The castle is described beautifully, and especially the garden – attention drawn often to the wistaria, which happens to be my favourite plant. Everywhere is brightly sunny, airy, thick with the scent of flowers and bursting with nature. It could have been horribly overdone, but E von A strikes just the right note – and thank you to those who recommended it, reading the novel with equally beautiful (but rather different) countryside around me was perfect. Though it might work also as a distraction to city life where trammelled nature does anything but burst.

All four holiday-makers arrive unhappy, and all have some faults – especially the very selfish Mrs. Fisher and Lady Caroline. From the start, though, Lottie is certain that the castle will have a positive, almost magical, effect upon anyone staying there. And she is, of course, right. I don’t want to spoil all the events of the novel, but suffice to say each character is altered by the surroundings, friendships develop and faults evaporate.
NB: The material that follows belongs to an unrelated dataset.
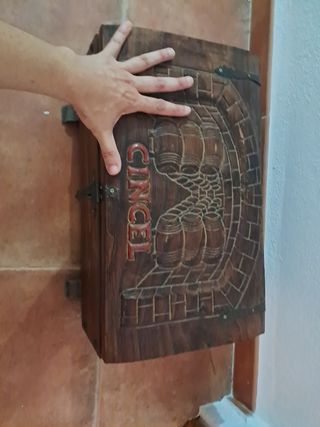 Antica cassapanca in legno con rilievi.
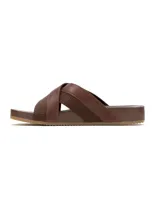 Sandalias de hombre con diseño de tiras cruzadas en combinación de cuero y tejido textil, con suela plana de goma.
What prevents The Enchanted April from being too fairy talesque or saccharine is a wittiness and honesty which somehow make the changes in everyone seem not only realistic but inevitable, and still thoroughly heart-warming.
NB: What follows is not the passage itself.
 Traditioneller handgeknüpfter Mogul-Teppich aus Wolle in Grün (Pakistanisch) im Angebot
How the cousin of Katherine Mansfield and sister-in-law of Bertrand Russell wrote such a happy, warm novel is anybody’s guess – but I do encourage you to seek out The Enchanted April is you haven’t yet done so. It’s a beautiful novel which is also extremely well written – the style flows by, perspicacious but unassuming, and the four central characters are incredibly well drawn. Not at all stereotypes, yet definitely distinct and memorable, they seem real, with real traits and feelings and failings, and must have been very difficult to create. Simply brilliant.

And soon I’ll be writing about the next novel I read, also about four women living together in a house. It’s written by one of the authors in my 50 Books list, and was published in 1989. A prize to anyone who can guess the book…

Sylvia Townsend Warner


One of the books I mentioned the other day was Lolly Willowes by Sylvia Townsend Warner, which I’m using for my domestic-space-and-fantasy dissertation. STW is one of those writers whose been in my peripheral vision, as it were – ever since I bought British Women Writers 1900-1950 ed. Harold Bloom – but I hadn’t made the move to buying or reading any of her work until Lolly Willowes. Which Hermione Lee mentioned in her introduction to The Love Child by Edith Olivier (and now, to go full circle, she is my supervisor for these two books and more).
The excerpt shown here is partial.